Había jugado con ritmo los brazos a la verónica en una salutación que se creció en cinco remates, cinco, clavadas las zapatillas en la arena. Así arrancó la lidia anterior. La faena también resultó larga hasta el aviso. José Tomás tardó en coger el aire y el temple a un toro flojito y noble, que perdió las manos en los principios de obra sucesivas veces. Después hubo muchas pausas, y entre ellas algún que otro muletazo caro. Los enganchones del cierre por bajo, que apuntó belleza inconclusa, y los pinchazos enfriaron más el cotarro.

A Finito de Córdoba le tocó en suerte el mejor elemento de la corrida, un toro de pitones impresentables y con más calidad en el fondo que fuerzas para desarrollarla.
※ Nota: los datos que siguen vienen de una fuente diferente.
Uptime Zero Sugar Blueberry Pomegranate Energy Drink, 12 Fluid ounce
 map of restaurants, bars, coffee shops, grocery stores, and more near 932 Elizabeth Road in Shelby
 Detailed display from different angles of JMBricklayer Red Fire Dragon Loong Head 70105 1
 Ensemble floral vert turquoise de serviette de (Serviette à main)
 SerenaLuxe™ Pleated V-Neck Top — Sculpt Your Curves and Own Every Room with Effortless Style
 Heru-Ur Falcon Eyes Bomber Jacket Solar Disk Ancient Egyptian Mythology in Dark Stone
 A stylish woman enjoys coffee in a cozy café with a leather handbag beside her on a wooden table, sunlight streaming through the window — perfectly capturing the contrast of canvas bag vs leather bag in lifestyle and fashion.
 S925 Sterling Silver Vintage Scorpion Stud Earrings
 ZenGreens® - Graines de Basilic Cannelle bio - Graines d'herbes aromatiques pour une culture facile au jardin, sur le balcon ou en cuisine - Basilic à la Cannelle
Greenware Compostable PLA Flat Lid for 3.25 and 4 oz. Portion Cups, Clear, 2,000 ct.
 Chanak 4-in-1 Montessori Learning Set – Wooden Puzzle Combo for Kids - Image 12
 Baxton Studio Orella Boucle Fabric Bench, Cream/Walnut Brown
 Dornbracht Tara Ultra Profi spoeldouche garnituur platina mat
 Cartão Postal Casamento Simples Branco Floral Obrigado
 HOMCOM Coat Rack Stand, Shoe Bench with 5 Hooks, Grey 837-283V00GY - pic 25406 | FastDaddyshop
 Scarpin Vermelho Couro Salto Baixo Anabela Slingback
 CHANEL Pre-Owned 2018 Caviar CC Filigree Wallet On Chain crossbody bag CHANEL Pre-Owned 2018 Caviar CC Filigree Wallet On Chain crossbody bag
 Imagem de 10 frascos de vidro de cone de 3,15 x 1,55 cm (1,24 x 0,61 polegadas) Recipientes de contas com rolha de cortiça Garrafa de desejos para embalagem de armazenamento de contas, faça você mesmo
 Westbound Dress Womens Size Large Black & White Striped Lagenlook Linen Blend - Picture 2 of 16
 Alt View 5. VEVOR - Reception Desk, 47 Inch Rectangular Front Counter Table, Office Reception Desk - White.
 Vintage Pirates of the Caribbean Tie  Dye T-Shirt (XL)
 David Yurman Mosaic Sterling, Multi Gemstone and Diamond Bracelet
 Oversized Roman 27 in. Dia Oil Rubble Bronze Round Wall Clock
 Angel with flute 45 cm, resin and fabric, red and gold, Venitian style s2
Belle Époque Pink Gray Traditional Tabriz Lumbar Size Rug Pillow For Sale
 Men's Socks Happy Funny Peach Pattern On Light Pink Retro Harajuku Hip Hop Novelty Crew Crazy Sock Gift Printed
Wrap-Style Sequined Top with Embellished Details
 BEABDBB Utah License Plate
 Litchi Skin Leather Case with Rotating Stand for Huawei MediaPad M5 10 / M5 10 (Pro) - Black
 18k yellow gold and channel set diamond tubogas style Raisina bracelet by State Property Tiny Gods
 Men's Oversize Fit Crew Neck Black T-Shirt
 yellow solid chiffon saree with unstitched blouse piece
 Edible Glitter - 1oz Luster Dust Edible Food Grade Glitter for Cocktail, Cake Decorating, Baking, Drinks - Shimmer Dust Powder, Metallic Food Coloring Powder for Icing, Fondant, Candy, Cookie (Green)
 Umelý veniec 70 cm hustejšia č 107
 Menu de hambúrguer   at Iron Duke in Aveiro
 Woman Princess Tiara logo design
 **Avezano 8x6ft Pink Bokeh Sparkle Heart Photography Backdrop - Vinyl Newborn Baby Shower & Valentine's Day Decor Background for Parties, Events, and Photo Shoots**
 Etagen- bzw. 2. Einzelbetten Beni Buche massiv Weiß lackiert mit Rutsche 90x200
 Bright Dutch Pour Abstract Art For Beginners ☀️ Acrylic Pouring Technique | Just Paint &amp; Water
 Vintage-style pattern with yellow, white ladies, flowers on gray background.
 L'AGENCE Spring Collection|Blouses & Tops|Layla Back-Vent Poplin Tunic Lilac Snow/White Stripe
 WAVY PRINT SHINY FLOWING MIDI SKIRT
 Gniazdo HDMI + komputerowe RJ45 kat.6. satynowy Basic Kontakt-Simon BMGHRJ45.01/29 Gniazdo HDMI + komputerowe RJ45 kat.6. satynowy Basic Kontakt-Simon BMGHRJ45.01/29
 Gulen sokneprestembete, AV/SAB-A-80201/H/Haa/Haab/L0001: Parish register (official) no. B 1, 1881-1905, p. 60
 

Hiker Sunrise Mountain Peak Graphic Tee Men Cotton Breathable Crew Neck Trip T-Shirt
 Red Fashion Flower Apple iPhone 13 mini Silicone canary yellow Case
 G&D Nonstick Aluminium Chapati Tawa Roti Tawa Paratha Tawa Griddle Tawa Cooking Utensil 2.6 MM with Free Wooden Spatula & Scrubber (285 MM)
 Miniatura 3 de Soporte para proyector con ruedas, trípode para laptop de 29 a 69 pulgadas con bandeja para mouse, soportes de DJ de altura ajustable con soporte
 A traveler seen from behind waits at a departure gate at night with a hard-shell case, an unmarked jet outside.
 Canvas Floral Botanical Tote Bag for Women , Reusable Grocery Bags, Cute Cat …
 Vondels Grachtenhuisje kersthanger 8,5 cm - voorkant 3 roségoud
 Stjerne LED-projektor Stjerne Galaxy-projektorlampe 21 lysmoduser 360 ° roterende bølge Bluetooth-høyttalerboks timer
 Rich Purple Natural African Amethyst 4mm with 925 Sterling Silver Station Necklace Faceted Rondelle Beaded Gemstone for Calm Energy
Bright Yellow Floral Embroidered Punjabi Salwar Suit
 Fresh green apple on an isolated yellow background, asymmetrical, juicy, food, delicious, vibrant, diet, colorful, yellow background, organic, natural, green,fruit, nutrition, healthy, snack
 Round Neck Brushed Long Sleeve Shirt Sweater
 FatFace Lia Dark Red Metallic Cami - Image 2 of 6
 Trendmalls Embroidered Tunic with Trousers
Pero mentiríamos si no dijésemos que fue a más, a pesar de que en un momento de la faena se tumbó a la bartola. Finito supo ver que era el lado izquierdo el fetén, y por ahí fijó su planteamiento. Entonces asomó la calidad que atesora, en especial cuando dirige los viajes hacia detrás de la cadera. Mas la tentación de la comodidad de desplazarlos hacia fuera, aun largos en el trazo, prima demasiadas veces sobre la obligación de hacer el toreo como él sabe. ¡Qué cabrón!, y no me lo tome a mal, pero, con ese concepto maravilloso, cómo no se aplica de veras en él y cómo se conforma tan fácilmente. ¡Si cuando meció y vació los muletazos hacia atrás fueron los mejores de la tarde! La efectividad de la estocada desprendida conquistó el premio de una oreja.

Para no romper esa regularidad en la desigualdad, ante el mansísimo cuarto le entró la mandanga, y una vez rajado en tablas el enemigo quiso despenarlo a sartenazo limpio. No logrado el objetivo, rápido se agarró al descabello, algo que irritó a la parroquia.

Alberto Ramírez pechó con el peor lote, al margen de que pasó un calvario con los aceros. Ante el sexto lo intentó todo, desde la larga cambiada a unos lances a pies juntos de saludo sin enmendarse, pasando por el inicio de rodillas y a contraestilo. Pero se quedó sin material. Para su fortuna, la voltereta sufrida no concluyó camino de la enfermería.